Amniocentesis and CVS are not only very expensive in terms of the cost of tests, but because of the invasive method of obtaining samples (amniotic fluid as well as placental villi) can cause miscarriage, so the use of these two methods except in very cases Not recommended.
In comparison, screening tests are non-invasive and cost-effective. Also, due to the use of blood samples from pregnant mothers, it is possible to repeat these tests in the same week or in subsequent weeks (from week 11-17 of pregnancy).
At present, in addition to maternal age, race, gestational age, maternal weight, diabetes, smoking, history of abortion, use of IVF and IUI methods for pregnancy, number of fetuses, sonographic parameters including BPD, CRL, NT, NB and detailed report Fetal age is also measured using laboratory parameters including serum levels of AFP, Unconjugated E3, Inhibin-A, BHCG, PAPP-A and Free BHCG.
Obviously, all the above parameters should lead to a risk report using a standard and international software that has a suitable statistical algorithm.
Today, in addition to holding the risk of the mentioned diseases, the risk of preeclampsia (pregnancy poisoning) as well as the risk of the rare Smith - Lemli - Opitz. Syndrome (SLOS) can also be measured and reported.

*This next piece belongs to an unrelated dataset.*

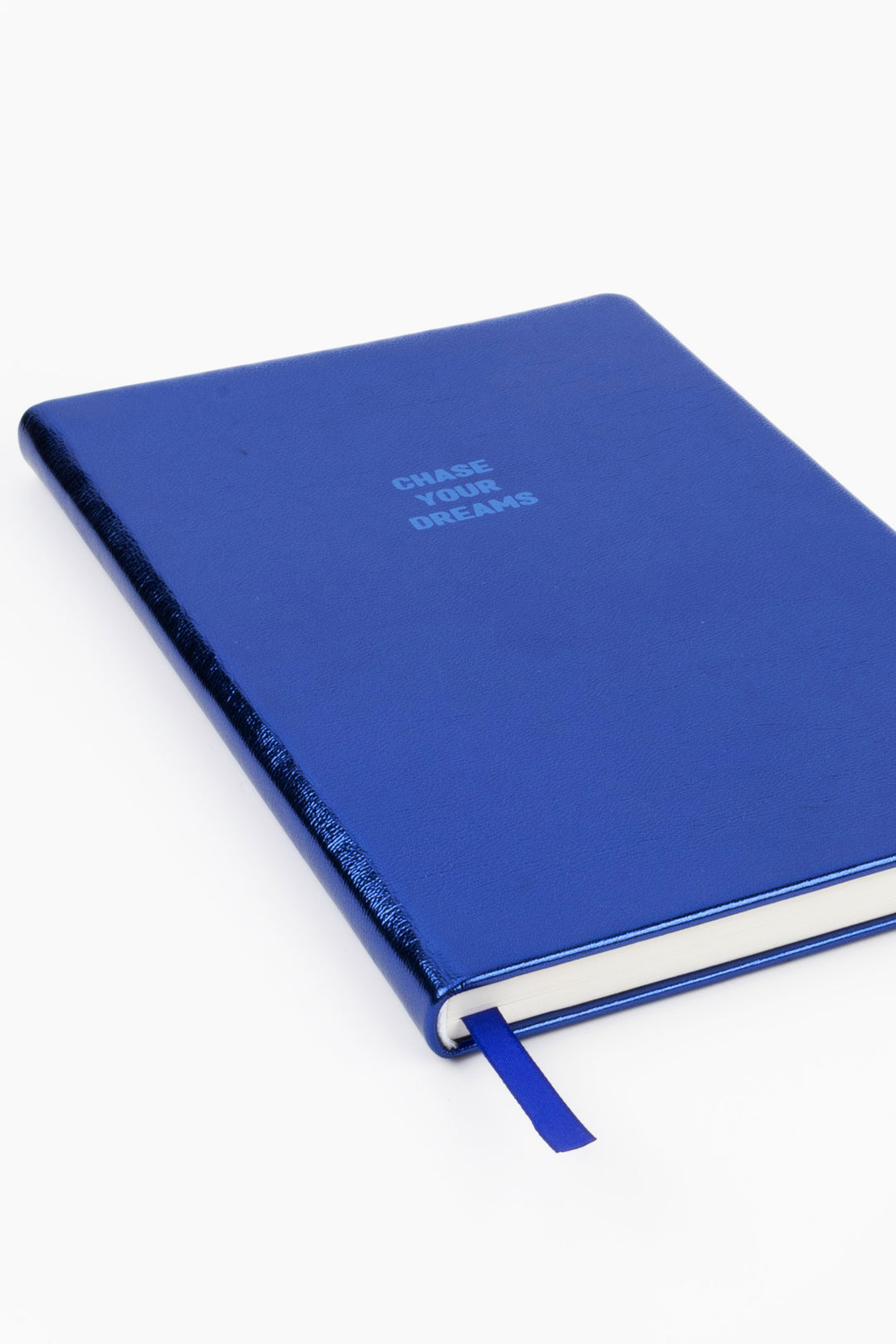 Angled view of closed blue metallic A5 notebook with ribbon marker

Ductus Venosus pulsatility index (DVPI)
What is DVPI?
DVPI is a quantitative indicator that can be easily measured by ultrasound.
When to do DVPI?
Add DVPI to Double marker, Combined test, Integrated test
At 10-13 weeks of gestation, the effectiveness of the prenatal screening test for Down syndrome is significantly increased and the number of false positives is reduced by up to 50% at a certain diagnosis.

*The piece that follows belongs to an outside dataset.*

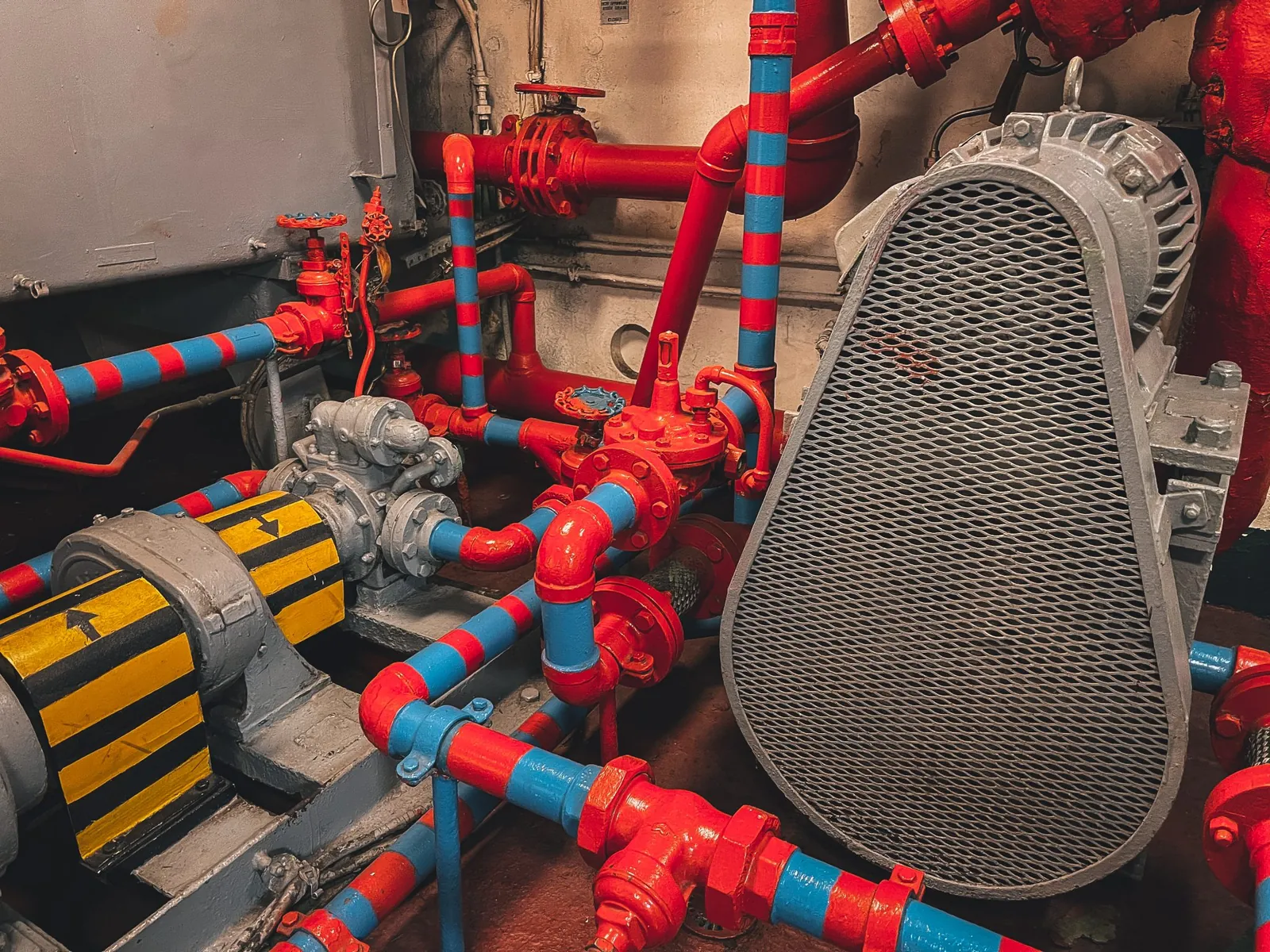 Red pipes and machinery in a ship engine room, like a mature and complex build pipeline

Impact of DVPI on screening?
In a fetus with Down syndrome, DV blood flow may be abnormal. In this case, a slight increase in the index is evident in ultrasound. Recent studies show that DV blood flow at the end of diastole is reversed in 64% of pregnancies with Down syndrome and 4% of normal pregnancies.

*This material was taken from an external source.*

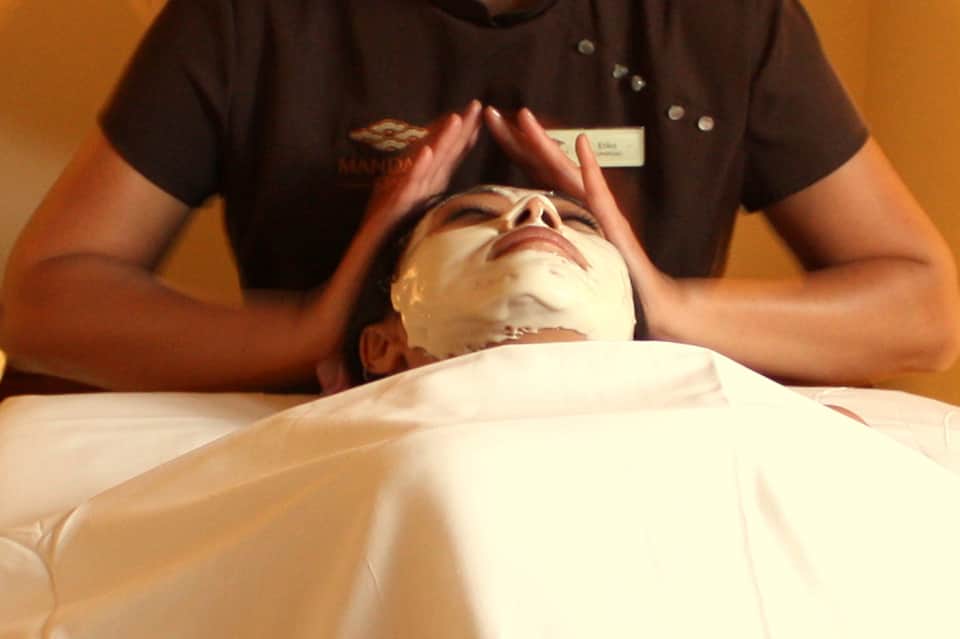 Spa therapist applying facial treatment to relaxed client on massage table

(Normally, DV blood flows from the placenta to the fetus, while in Down syndrome, it flows from the fetus to the placenta).
According to Median, DVPI is 1.71 in pregnancies with Down syndrome, while it is 1.1 in normal pregnancies.
What we need to know about screening:
- All pregnant women, regardless of age, should be screened for the most common anoploids.
- Diagnostic tests should be available to all women who present before 18 weeks of gestation. Pregnant women should be informed of the differences between screening and diagnostic methods.
- In accordance with the latest international standards and the country's health reference, to achieve the most accurate results, the most appropriate time to perform screening is the first trimester of pregnancy, 11 to 13w + 6day and the second trimester, 14 to 17 weeks of pregnancy.
- Ideally, for those who visit in the first trimester, it is best to use screening methods that include the first and second trimesters (sequential, integrated).
- Methods that use a combination of first and second-trimester screening, such as Sequential and Integrated, are preferred over other methods because of their higher detection rates.
- Women who have screening tests in the first trimester should be tested at least for NTD (AFP) screening in the second trimester.
- Smith Lemli Opitz (SLOS) Syndrome is an autosomal recessive disorder associated with mental retardation with a minimum prevalence of 1 in 60,000. In this syndrome, the amount of cholesterol is abnormal and the concentration of cholesterol and its precursors in the blood is low. This syndrome can be diagnosed before delivery by high levels of amniotic fluid 7 - dehydrocholesterol. In pregnancies where the fetus has SLOS, the serum level of maternal AFP, such as UE3 and hCG, is low. The risk of this abnormality can be reported by screening test.